Based on research she conducted for her doctoral dissertation several years ago, Jatila van der Veen, a lecturer in the College of Creative Studies at UC [University of  California] Santa Barbara and a research associate in UC Santa Barbara’s physics department, created a new approach to introductory physics, which she calls “Noether before Newton.” Noether refers to the early 20th-century German mathematician Emmy Noether, who was known for her groundbreaking contributions to abstract algebra and theoretical physics.
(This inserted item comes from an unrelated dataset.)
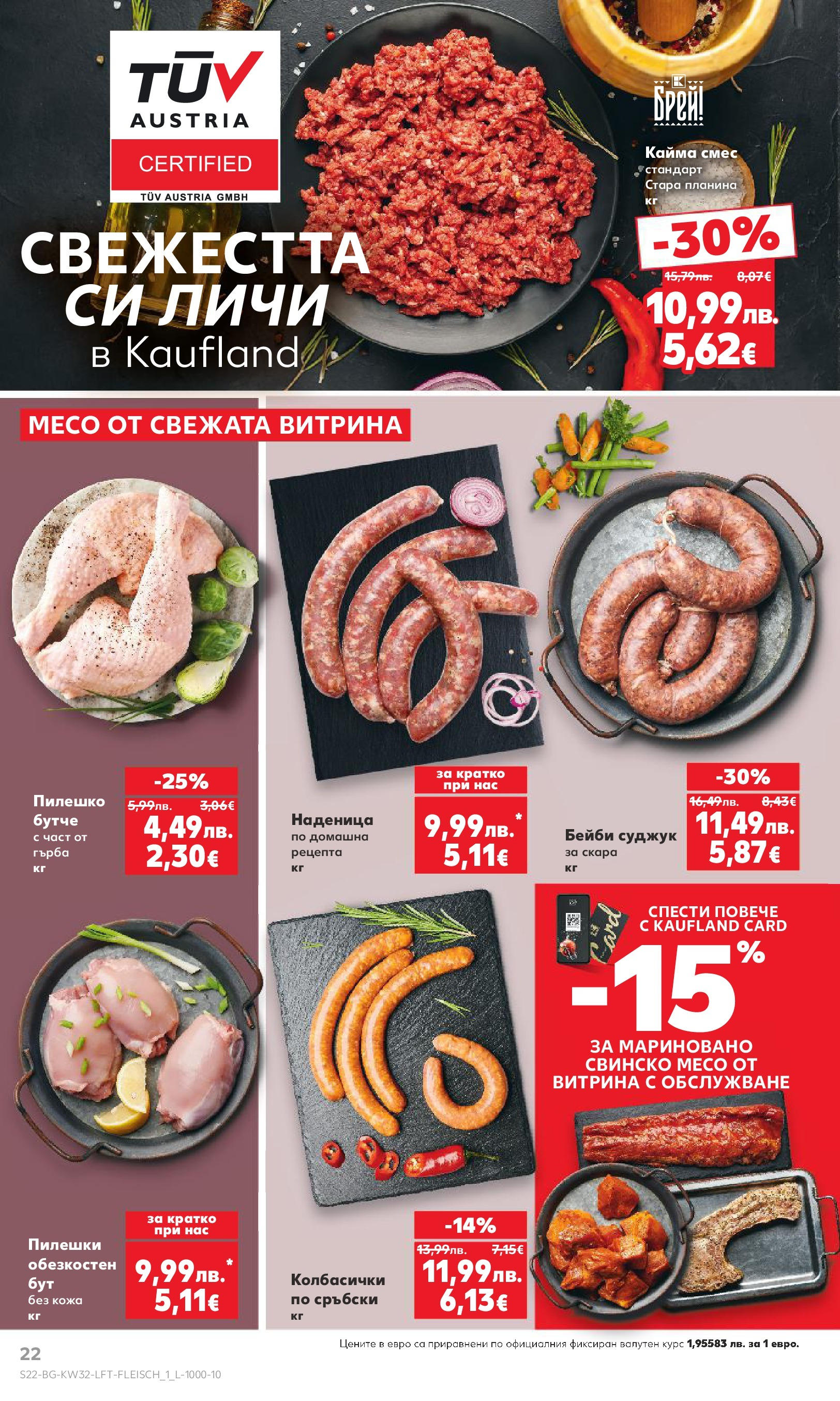 Нова Кауфланд брошура от 04.08.2025 | Страница: 22 | Продукти: Свинско, Наденица, Суджук, Пилешко Нова Кауфланд брошура - В Kaufland цената е звездата от 04.08.2025 | Страница: 22 | Продукти: Свинско, Наденица, Суджук, Пилешко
Using arts-based teaching strategies, van der Veen has fashioned her course into a portal through which students not otherwise inclined might take the leap into the sciences — particularly physics and mathematics. Her research appears in the current issue of the American Educational Research Journal, in a paper titled “Draw Your Physics Homework? Art as a Path to Understanding in Physics Teaching.”
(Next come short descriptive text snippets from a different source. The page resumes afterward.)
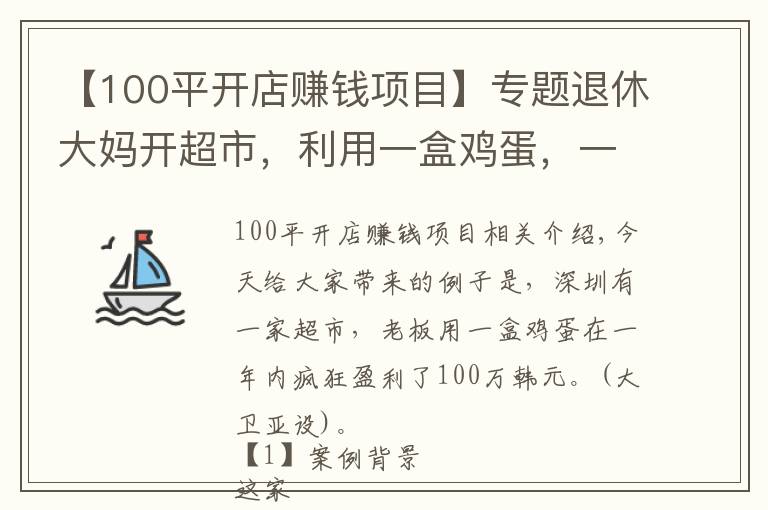 【100平开店赚钱项目】专题退休大妈开超市,利用一盒鸡蛋,一年狂赚100万,生意人可以学学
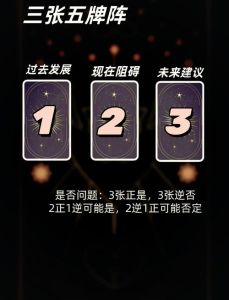 新年塔罗运势揭秘：未来三个月关键指南！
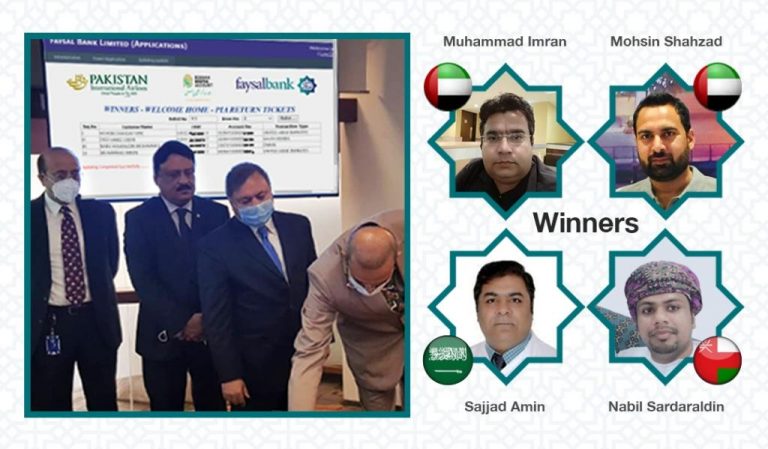 Faysal Bank, PIA announce first “Welcome Home” Campaign Lucky Draw Winners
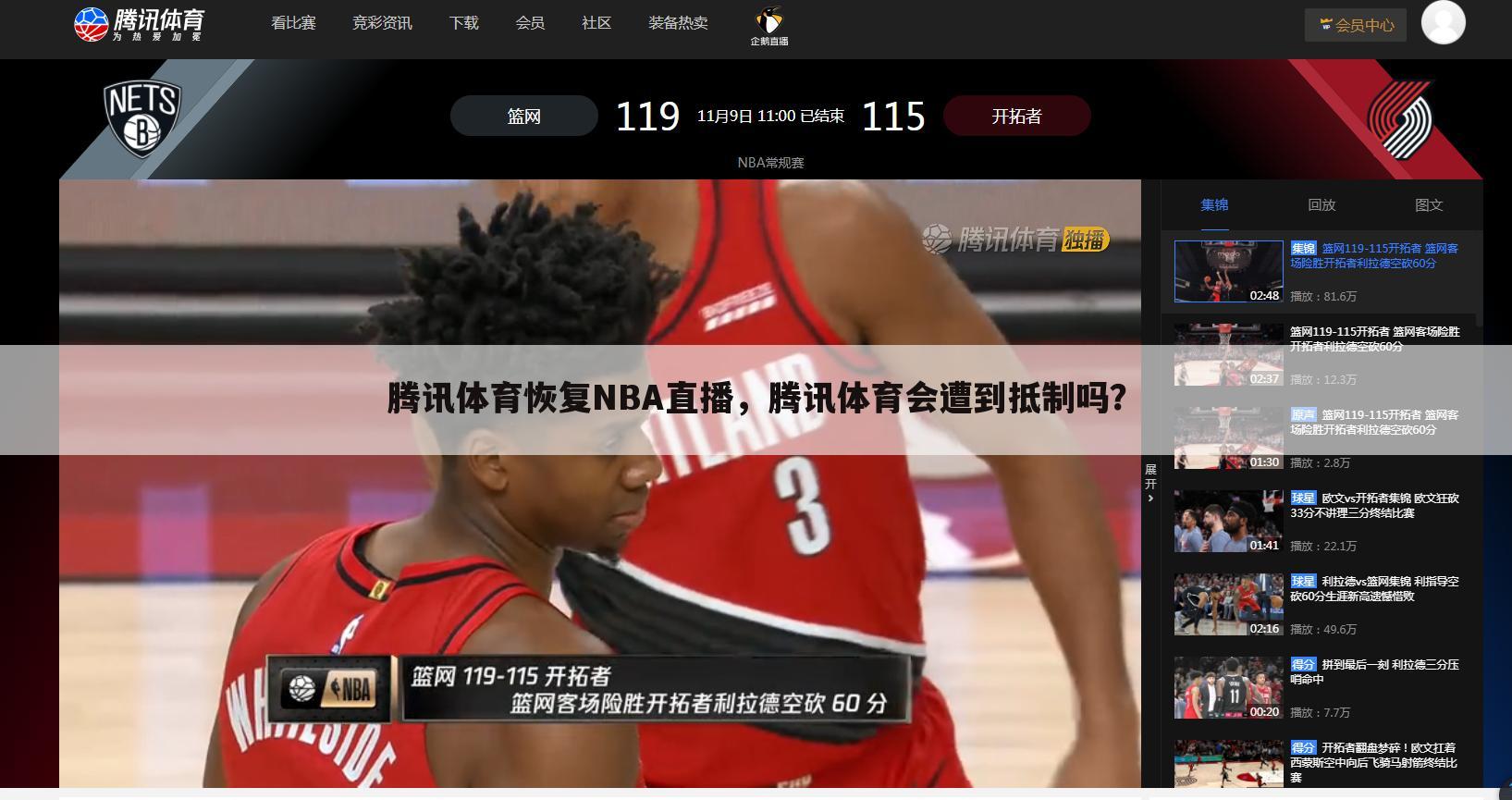 腾讯体育恢复NBA直播，腾讯体育会遭到抵制吗？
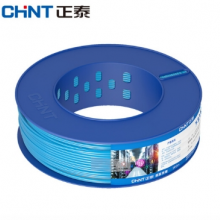 正泰(CHNT) 电线电缆 阻燃ZR-BV2.5平方 蓝色单芯单股零线 国标铜芯硬线 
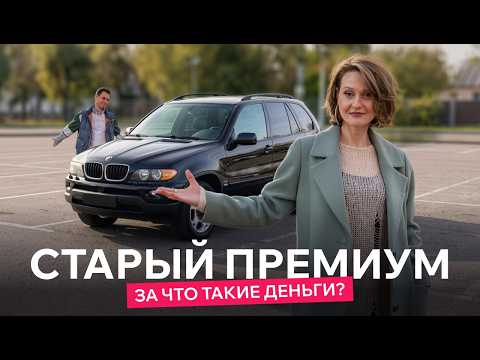 Проверка старого премиума: растаможка за 20 000 евро и переоценённый хлам?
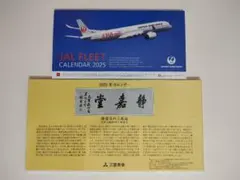 Item thumbnail for item ac46dccf-5308-48a2-96f4-ddca508fd395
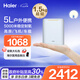 海爾（Haier）便攜式制氧機(jī)5L升高原戶外車載旅游吸氧機(jī)老人孕婦隨身可充電5H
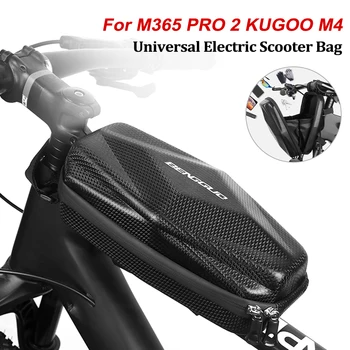 Универсална чанта за електрически скутер с обем 2 л за Xiaomi M365, предната чанта за скутер, водоустойчив мотор подвесная чанта от EVA с твърдо покритие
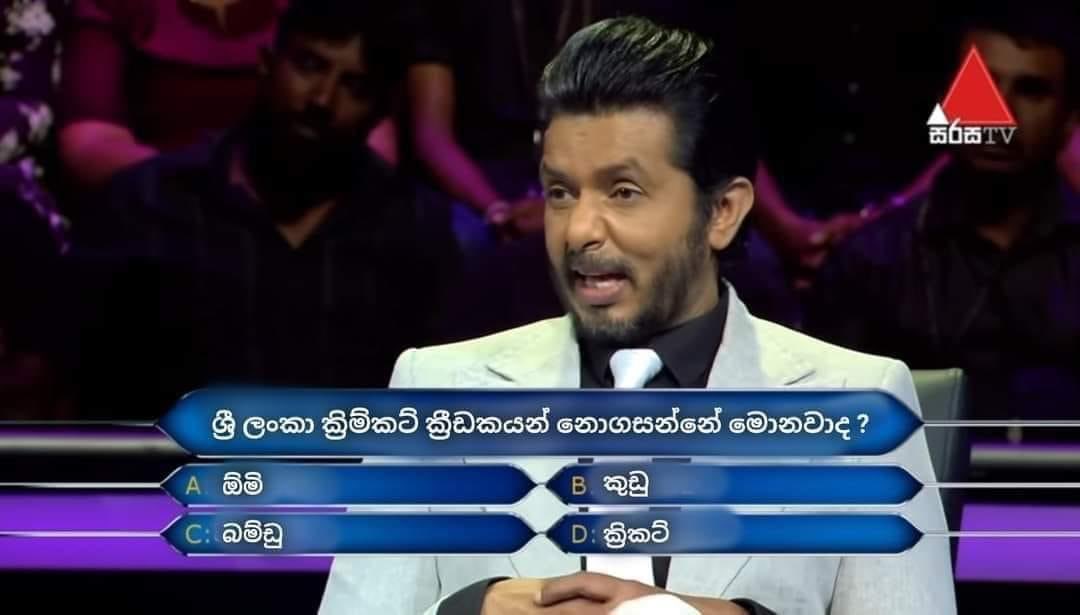 Savindu Wanigasekara tweet media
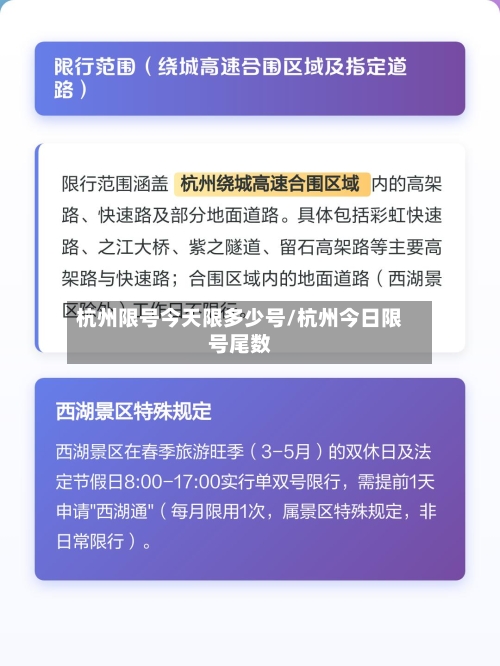 杭州限号今天限多少号/杭州今日限号尾数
The May 22, 2012 press release on the UC Santa Barbara website provides this detail about van der Veen’s course,

While traditional introductory physics courses focus on 17th-century Newtonian mechanics, van der Veen takes a contemporary approach. “I start with symmetry and contemporary physics,” she said. “Symmetry is the underlying mathematical principle of all physics, so this allows for several different branches of inclusion, of accessibility.”

Much of van der Veen’s course is based on the principles of “aesthetic education,” an approach to teaching formulated by the educational philosopher Maxine Greene. Greene founded the Lincoln Center Institute, a joint effort of Teachers College, Columbia University, and Lincoln Center. Van der Veen is quick to point out, however, that concepts of physics are at the core of her course. “It’s not simply looking at art that’s involved in physics, or looking at beautiful pictures of galaxies, or making fractal art,” she said. “It’s using the learning modes that are available in the arts and applying them to math and physics.”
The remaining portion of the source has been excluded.